▸ **What you will do**: Copy out the final stretch of the listing: the line that contains "Peugeot 2008 GT" and all lines after it, exactly as they appear.
====== Exercise materials ======
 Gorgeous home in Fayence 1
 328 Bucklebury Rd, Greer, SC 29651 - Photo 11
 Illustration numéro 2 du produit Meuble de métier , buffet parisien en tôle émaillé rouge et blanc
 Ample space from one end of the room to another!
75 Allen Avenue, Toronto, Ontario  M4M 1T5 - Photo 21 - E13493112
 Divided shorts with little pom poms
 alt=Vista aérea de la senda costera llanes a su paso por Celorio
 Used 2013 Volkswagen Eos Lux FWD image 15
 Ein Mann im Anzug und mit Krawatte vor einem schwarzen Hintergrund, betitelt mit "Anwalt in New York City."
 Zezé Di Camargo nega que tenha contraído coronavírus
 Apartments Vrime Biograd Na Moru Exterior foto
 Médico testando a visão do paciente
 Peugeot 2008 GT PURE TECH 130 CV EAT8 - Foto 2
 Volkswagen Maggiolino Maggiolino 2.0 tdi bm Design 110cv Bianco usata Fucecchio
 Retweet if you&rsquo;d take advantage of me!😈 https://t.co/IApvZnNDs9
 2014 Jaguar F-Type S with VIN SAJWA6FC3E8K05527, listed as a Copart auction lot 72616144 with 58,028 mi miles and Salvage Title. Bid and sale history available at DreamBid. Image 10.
======
▸ **Reply**:
 Peugeot 2008 GT PURE TECH 130 CV EAT8 - Foto 2
 Volkswagen Maggiolino Maggiolino 2.0 tdi bm Design 110cv Bianco usata Fucecchio
 Retweet if you&rsquo;d take advantage of me!😈 https://t.co/IApvZnNDs9
 2014 Jaguar F-Type S with VIN SAJWA6FC3E8K05527, listed as a Copart auction lot 72616144 with 58,028 mi miles and Salvage Title. Bid and sale history available at DreamBid. Image 10.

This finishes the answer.